[Opening MATERIAL FOR THIS TASK section]

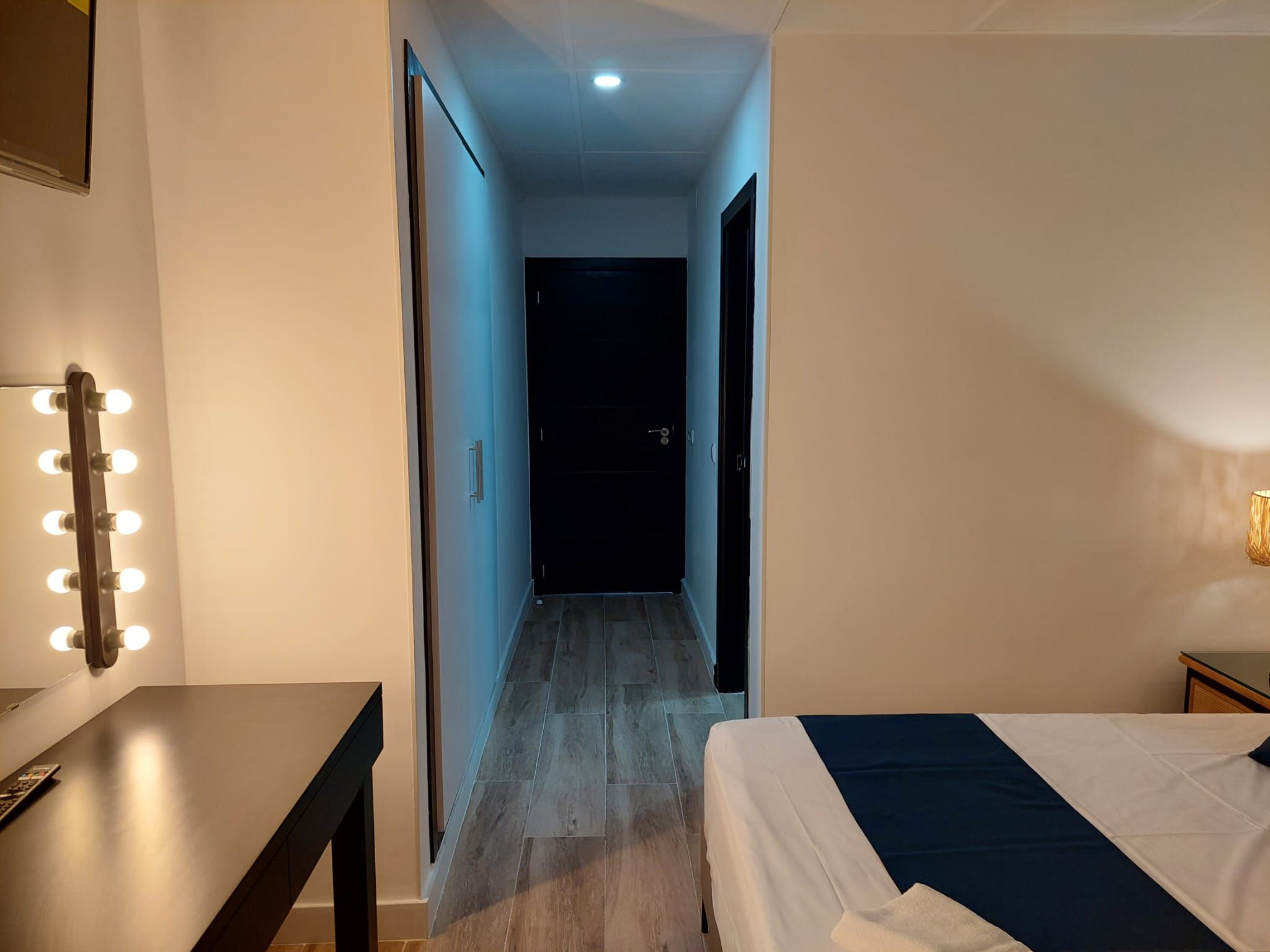 Classic-doppelzimmer mit dusche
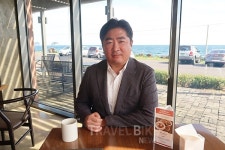 서귀포 법환포구 바다 경관이 펼쳐지는 가족형 호텔 섬오름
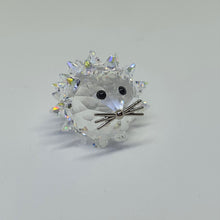 Lade das Bild in den Galerie-Viewer, SWAROVSKI Replika Igel 5492739
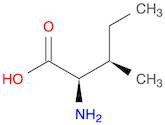 D-Isoleucine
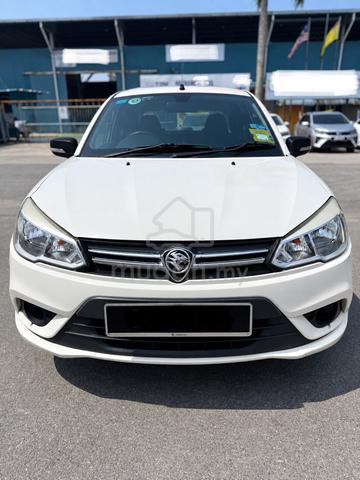 2019 Proton SAGA 1.3 STANDARD MT MY2016 (M) - 1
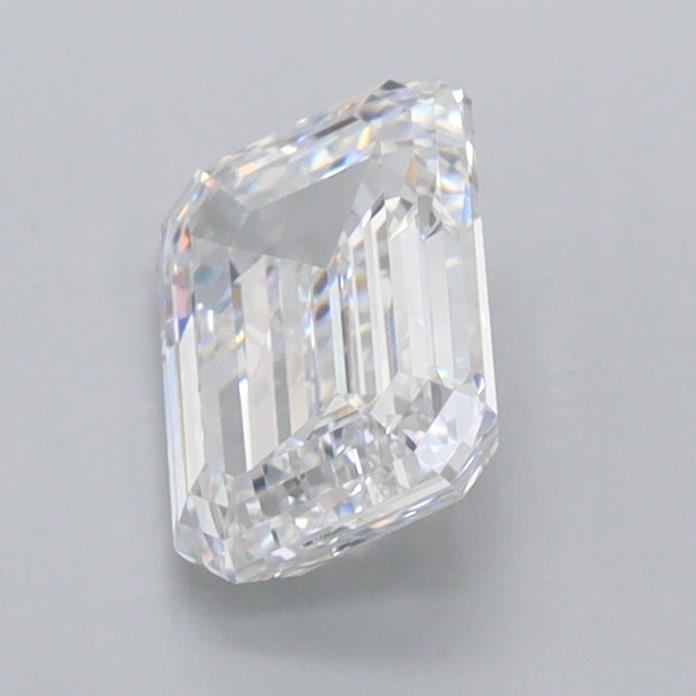 1.20 Carat Emerald Lab Diamond :: 360 spin frame 01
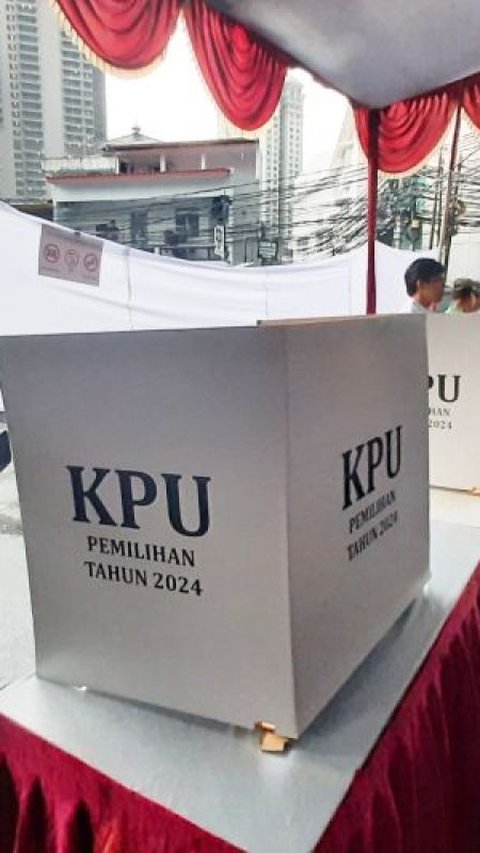 KPU Tak Lakukan Quick Count, Begini Alur Proses Penghitungan Suara Pilkada Jakarta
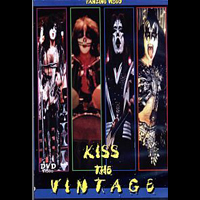 Kiss - The Vintage (DVD)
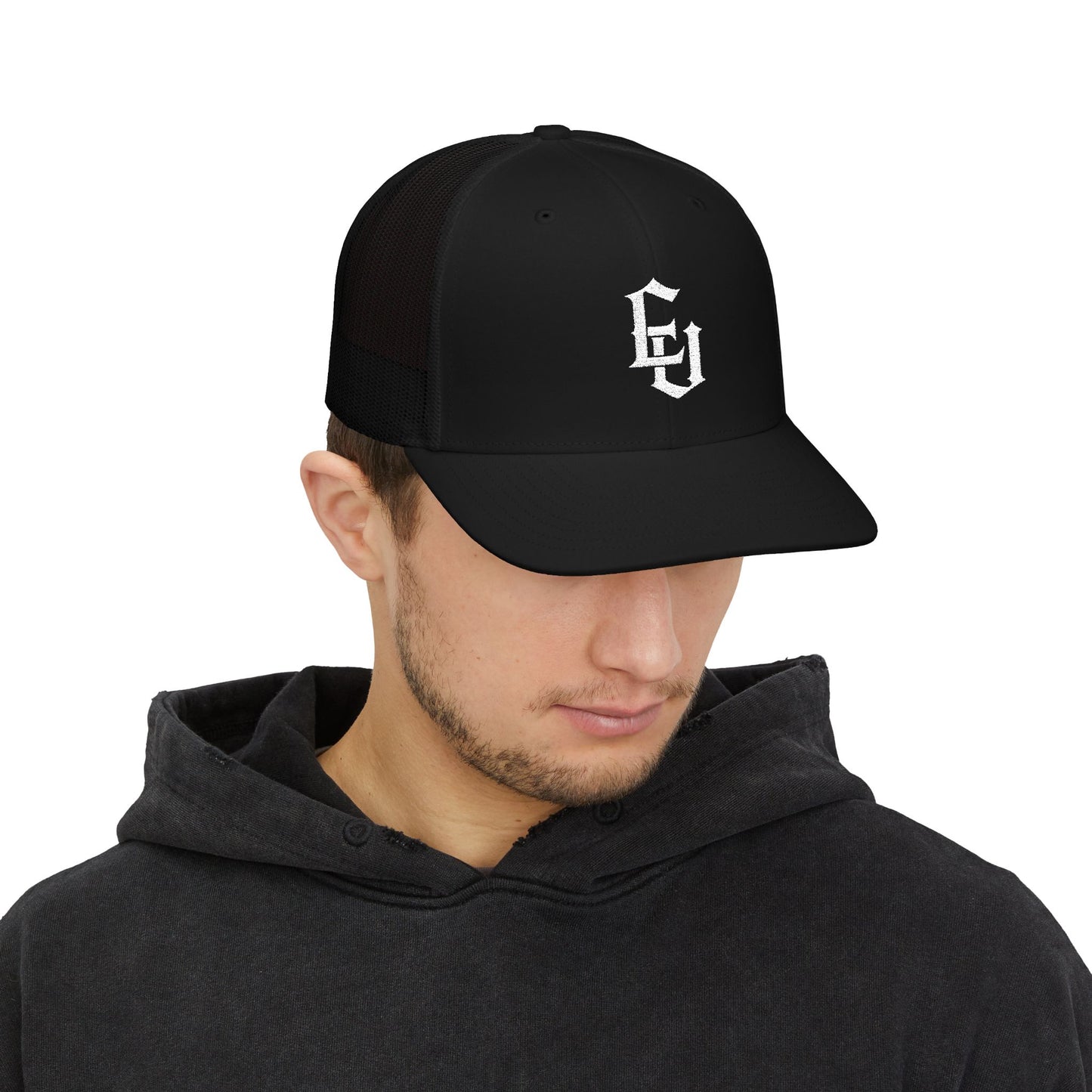 Legacy Snapback Hat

[Closing MATERIAL FOR THIS TASK section]

- TASK DETAILS -
Give the data again exactly as written, with no pictures included.

- ANSWER BELOW -
 Classic-doppelzimmer mit dusche
 서귀포 법환포구 바다 경관이 펼쳐지는 가족형 호텔 섬오름
 Lade das Bild in den Galerie-Viewer, SWAROVSKI Replika Igel 5492739
 D-Isoleucine
 2019 Proton SAGA 1.3 STANDARD MT MY2016 (M) - 1
 1.20 Carat Emerald Lab Diamond :: 360 spin frame 01
 KPU Tak Lakukan Quick Count, Begini Alur Proses Penghitungan Suara Pilkada Jakarta
 Kiss - The Vintage (DVD)
 Legacy Snapback Hat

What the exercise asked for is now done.